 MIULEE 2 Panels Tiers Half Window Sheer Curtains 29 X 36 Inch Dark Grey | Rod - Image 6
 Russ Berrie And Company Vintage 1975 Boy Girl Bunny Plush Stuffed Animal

---

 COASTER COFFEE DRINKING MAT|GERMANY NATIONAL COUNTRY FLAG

---

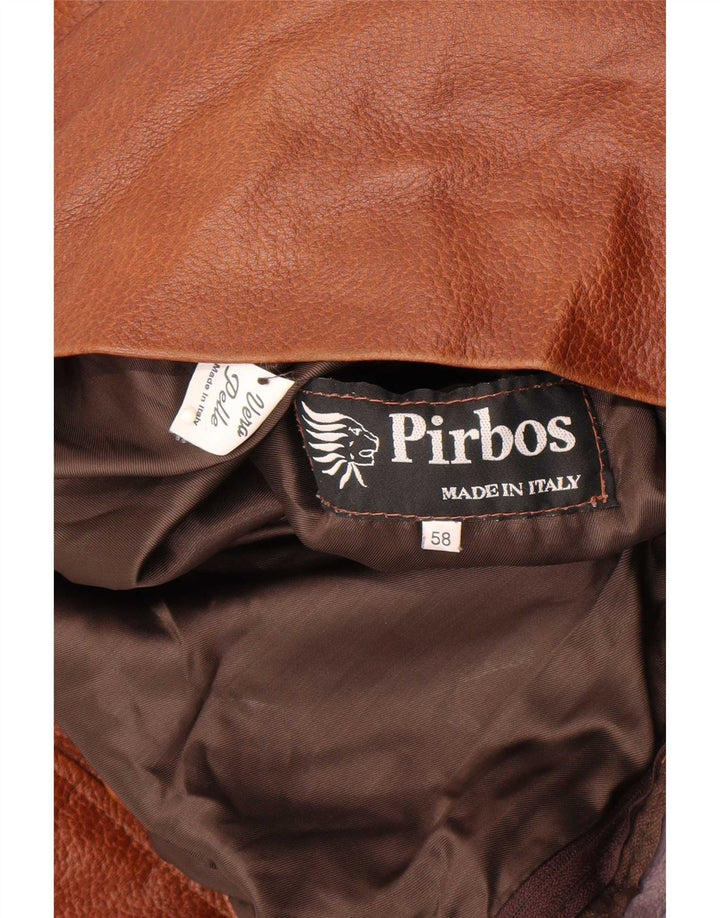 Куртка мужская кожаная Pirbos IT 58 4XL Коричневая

* **Problem**
The required output is the stretch of entries above from the line containing "MIULEE 2 Panels" through the line containing "Russ Berrie And", reproduced exactly.

* **Solution to the problem**
 MIULEE 2 Panels Tiers Half Window Sheer Curtains 29 X 36 Inch Dark Grey | Rod - Image 6
 Russ Berrie And Company Vintage 1975 Boy Girl Bunny Plush Stuffed Animal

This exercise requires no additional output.